The field of child care has grown tremendously over the past several years, and there is always new information and research on the significant roles adults can play in children's development. You can truly make a difference. The more skilled, committed, and knowledgeable you become, the more effective, meaningful, and long-lasting your influence will be on children's and families' lives. As a direct-care staff member, you want your practice to be continuously improving, striving to be the best that it can be for children and families. You should look forward to going to work and creating positive, caring environments for children and families in your care. You should also work with your trainers or coaches to continue to learn and grow professionally. Your high standards and expectations for professional behavior will positively affect the quality of care you provide, as well as the quality of relationships of those around you.
Always Keep On Learning
Throughout this course, you have read about the process and the path of becoming professional as well as the attributes, skills, and knowledge you need to pursue. No matter how experienced you are and how much you know, it is important to continue to pursue education and training to learn more about your field and to further grow as a professional. This is true for a number of reasons (Koralek, Dodge, & Pizzolongo, 2013):
You care about children and their families.

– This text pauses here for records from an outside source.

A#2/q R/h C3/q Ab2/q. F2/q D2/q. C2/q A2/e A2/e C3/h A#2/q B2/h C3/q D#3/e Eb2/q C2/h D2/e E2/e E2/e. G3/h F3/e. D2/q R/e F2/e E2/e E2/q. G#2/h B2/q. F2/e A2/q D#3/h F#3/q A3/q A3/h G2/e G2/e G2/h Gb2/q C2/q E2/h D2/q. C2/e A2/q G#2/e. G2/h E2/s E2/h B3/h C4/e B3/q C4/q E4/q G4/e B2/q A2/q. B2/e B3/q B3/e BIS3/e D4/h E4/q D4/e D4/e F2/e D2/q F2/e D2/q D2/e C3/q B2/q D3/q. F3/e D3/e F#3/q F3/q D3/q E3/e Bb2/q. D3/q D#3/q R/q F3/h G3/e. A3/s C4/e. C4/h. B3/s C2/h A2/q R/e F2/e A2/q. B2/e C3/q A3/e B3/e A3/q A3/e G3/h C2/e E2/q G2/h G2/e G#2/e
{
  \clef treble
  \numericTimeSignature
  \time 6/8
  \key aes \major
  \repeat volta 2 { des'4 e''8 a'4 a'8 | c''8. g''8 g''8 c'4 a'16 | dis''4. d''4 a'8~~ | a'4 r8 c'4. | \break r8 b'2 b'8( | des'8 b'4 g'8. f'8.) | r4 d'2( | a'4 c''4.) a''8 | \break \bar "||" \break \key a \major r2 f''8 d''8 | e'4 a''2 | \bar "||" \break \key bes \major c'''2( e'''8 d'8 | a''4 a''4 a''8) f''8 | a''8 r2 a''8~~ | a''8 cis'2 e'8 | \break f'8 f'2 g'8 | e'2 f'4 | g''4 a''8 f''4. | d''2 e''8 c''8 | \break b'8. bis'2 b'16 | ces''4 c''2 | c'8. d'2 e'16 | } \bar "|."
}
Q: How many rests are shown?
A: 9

To be a successful staff member, you need to care about children and families you work with. This means that you want to improve you knowledge and skills, update what you know, and strive for practices that will positively impact development and outcomes for all children and families. Think about working with children and youth with special learning needs, for example. Because you care about what you do, you will approach working with children with diverse abilities as an opportunity to meaningfully engage them in experiences, and you may invite their families in your classroom or program to share their knowledge about how to best work with their children or youth. Ultimately, you want to provide best practices and your love for what you do drives you to be the best in doing that.

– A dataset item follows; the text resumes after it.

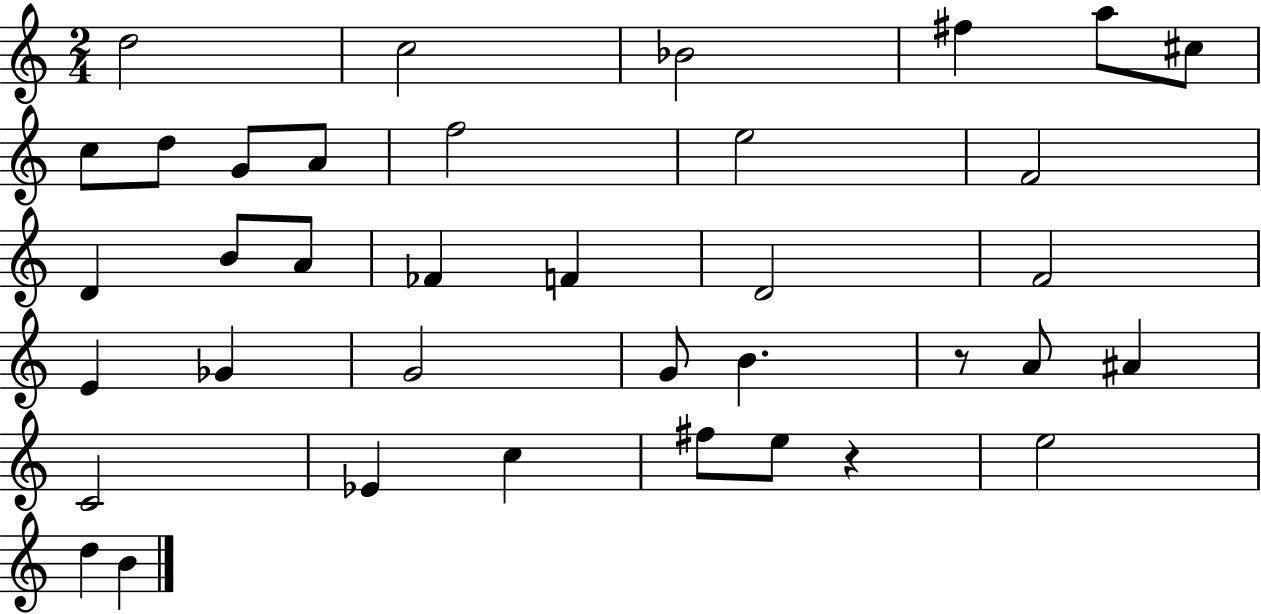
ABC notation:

Continuous learning allows you to recognize, evaluate, and improve your existing practices.
Self-awareness enables you to acknowledge strengths, talents, skills, and accomplishments, and at the same time it helps you recognize and identify competencies or skills you need to improve. Knowing who you are as a person and as a professional is empowering, as it enables you to engage in self-improvement and growth. You can do this by talking with colleagues and arranging to observe each other to learn more and improve each other's practice. Or you can review materials and resources that keep you updated with new ideas and research in your area of expertise. You should also participate in professional organizations and training events and opportunities.

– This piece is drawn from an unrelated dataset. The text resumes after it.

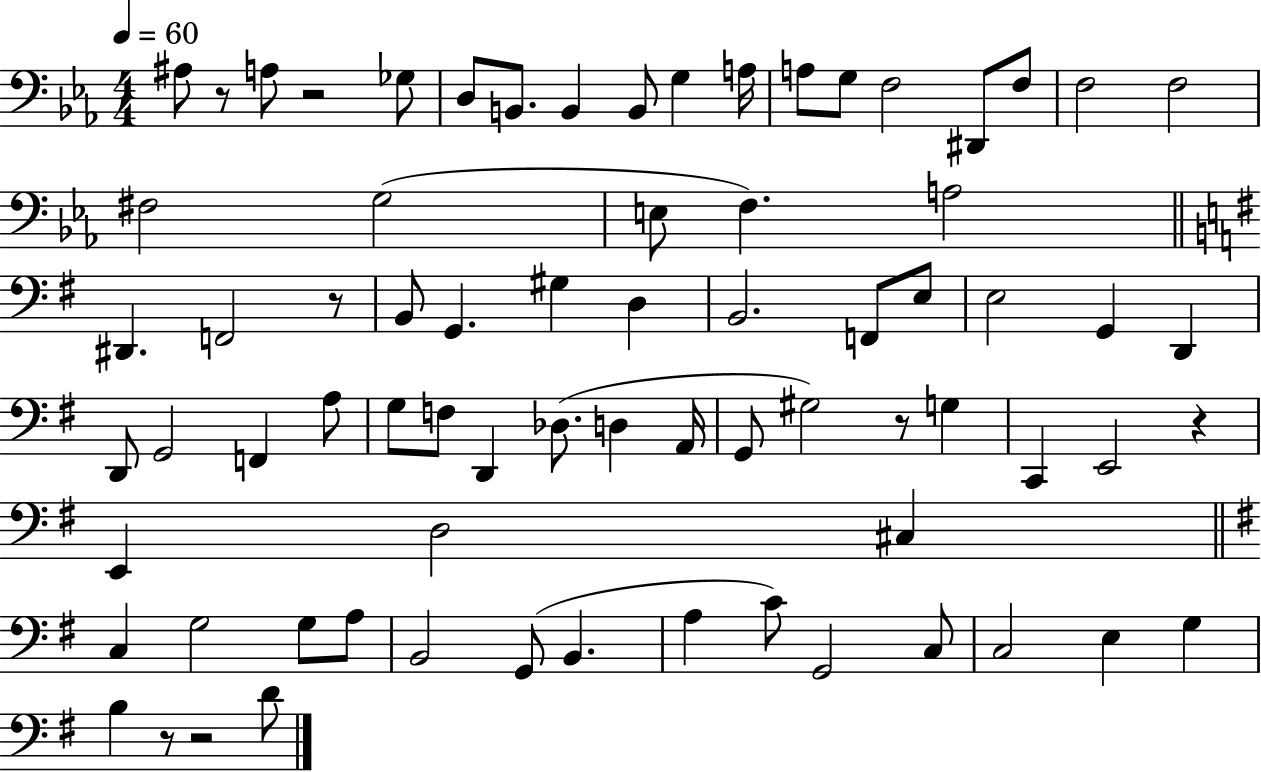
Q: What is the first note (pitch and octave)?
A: A#3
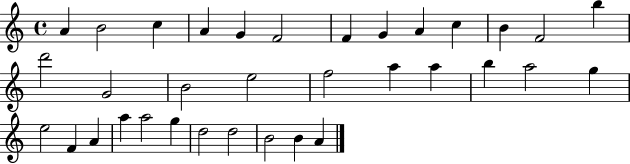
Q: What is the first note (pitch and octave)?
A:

You want to grow professionally.
Being committed to ongoing learning can improve your knowledge, skills, and performance. This learning will help you gain new skills and hone existing skills, and this may come with increased confidence, more responsibility, and even a promotion.
There is always new information to be learned!
The Indian mystic Ramakrishna said "As long as I live, so long do I learn", and the ancient Greek philosopher Socrates said "True knowledge exists in knowing that you know nothing."
All professionals need to keep up with new information, knowledge, and research in their fields. As a responsible and committed professional, you have an obligation to keep up with new information and use that in your practice with children and families.
Experiences and Resources for Professional Growth
There are many excellent resources on professionalism. Educator Fran Simon (2015) provides a list of suggestions:
- Be open to what is possible, not held back by what you think is impossible.
- Join professional associations, attend conferences, volunteer.
- Be curious and ask questions.
- Value and work to establish and maintain relationships in your daily practice.
- Make time to learn, connect, and network.
- Be authentic and open with the people you meet along the way, even if you do not share their viewpoints.
- Participate in live and virtual professional learning networks.
- Share your ideas with colleagues, trainers, and managers.
- Engage in formal professional, career, and leadership development.
- Find a mentor! Everybody needs inspirational people in their lives.
- Build a library on leadership and related topics.
- Subscribe to email and print newsletters and professional journals from a variety of sources.
Considering your Own Wellness
Self-awareness is very important for your own professional growth and learning. Educators Donna Wittmer and Sandy Petersen highlight that, "Knowing ourselves involves exploring our strengths and vulnerabilities. We need to wonder about, and try to understand the meaning of, our reactions, our frustrations, and the parts of our job that bring us joy. This exploration can sometimes be difficult or uncomfortable" (2013, p. 409). Another way to think about this is the "care" that is behind the "caregiving".
All of us can find ourselves struggling to make sense of situations and relationships involving children, youth, and families. As you likely learned in other courses, observation is one of our best strategies. Observation can help you get to know and understand a child or youth in your program better, which in turn can change your feelings.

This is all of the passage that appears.